日本農業新聞 8月8日(月)7時0分配信

 東京電力福島第1原子力発電所事故の影響で、全域が避難区域となった福島県飯舘村の母牛から生まれた雌牛が今夏、第18回全農肉牛枝肉共励会の和牛雌の部で最優秀賞を獲得した。村の母牛を買い取り、雌牛を育てたのはJA会津よつばいいで地区肉牛部会の齋藤栄信さん(61)。牛を手放さざるを得なかった村の農家の悔しさを受け止め、懸命に育てた。

 7月上旬に開かれた全農肉牛枝肉共励会。雌牛の部では71頭が出品され、その中のトップに輝いた。枝肉重量486キロ、脂肪交雑(BMS)ナンバー12、ロース芯面積96センチ、バラ厚8.8センチでA5ランクとなった。

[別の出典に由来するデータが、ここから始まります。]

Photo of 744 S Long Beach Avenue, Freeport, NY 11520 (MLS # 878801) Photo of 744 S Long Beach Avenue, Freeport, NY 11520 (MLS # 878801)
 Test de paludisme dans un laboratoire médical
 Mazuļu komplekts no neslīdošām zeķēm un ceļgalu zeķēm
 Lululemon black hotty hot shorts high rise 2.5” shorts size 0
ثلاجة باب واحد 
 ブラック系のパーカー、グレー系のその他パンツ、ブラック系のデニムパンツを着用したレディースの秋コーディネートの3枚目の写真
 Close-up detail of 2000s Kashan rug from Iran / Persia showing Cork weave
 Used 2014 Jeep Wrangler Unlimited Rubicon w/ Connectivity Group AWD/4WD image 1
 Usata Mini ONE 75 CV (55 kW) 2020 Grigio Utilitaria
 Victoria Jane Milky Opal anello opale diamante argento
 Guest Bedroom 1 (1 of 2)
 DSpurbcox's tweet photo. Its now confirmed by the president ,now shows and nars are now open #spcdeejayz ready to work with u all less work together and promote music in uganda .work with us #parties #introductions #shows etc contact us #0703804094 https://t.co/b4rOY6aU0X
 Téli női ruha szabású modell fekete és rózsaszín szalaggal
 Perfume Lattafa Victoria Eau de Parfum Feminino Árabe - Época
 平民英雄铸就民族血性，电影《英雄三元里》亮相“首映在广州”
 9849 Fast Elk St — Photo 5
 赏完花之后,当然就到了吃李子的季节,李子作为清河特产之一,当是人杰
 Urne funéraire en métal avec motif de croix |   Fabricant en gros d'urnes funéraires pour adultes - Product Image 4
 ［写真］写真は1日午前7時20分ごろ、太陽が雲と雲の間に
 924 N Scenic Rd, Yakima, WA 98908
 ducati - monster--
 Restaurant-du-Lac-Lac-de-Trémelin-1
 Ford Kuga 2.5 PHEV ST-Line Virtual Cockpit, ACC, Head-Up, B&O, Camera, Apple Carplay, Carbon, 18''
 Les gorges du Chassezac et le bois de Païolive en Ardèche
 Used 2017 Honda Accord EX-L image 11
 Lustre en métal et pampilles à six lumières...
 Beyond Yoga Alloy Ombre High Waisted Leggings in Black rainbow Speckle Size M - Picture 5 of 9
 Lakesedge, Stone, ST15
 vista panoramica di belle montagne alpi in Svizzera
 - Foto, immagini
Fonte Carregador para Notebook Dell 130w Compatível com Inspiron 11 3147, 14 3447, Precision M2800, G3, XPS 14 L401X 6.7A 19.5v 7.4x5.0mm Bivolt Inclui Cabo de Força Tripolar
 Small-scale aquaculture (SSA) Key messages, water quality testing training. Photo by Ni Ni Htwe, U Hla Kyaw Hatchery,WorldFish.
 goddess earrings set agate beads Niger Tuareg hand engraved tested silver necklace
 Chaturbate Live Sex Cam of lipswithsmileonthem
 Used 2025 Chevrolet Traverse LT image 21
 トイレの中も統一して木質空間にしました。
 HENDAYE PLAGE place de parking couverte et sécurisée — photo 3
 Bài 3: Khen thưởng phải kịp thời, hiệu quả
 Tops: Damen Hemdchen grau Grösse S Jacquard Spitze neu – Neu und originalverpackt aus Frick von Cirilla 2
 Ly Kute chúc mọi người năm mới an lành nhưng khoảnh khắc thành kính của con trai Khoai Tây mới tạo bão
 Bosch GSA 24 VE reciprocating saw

 最優秀賞を獲得した牛の母牛は5年前、本宮市で開かれた臨時のせりで齋藤さんが見つけた。原発事故で飯舘村から避難せざるを得なくなり、農家が手塩にかけて育てていた牛がせりにかけられていた。

 「最初に見た時、育て上げた農家の管理の良さを感じた」と齋藤さん。「きっと手放したくはなかっただろう。飯舘村は繁殖牛の改良が進んでいた。農家はさぞ、無念だっただろう。その思いをつなごうと思った」と購入を決めた理由を打ち明ける。

 2014年、雌牛が誕生。丁寧に育て続け、順調に生育し「体型などは満点に近い仕上がりになった」。共励会への出品を決め、今回の快挙につながった。最優秀賞を獲得した齋藤さんの牛の肉は、8月上旬から郡山市の福島牛焼肉店「牛豊」(朝日店、八山田店)で提供される。

 齋藤さんは、今後も自身の和牛経営の中で、飯舘村の母牛を飼養していく考え。「浮かれることなく次に進みたい。これからも消費者に求められる肉牛を提供したい」と先を見据える。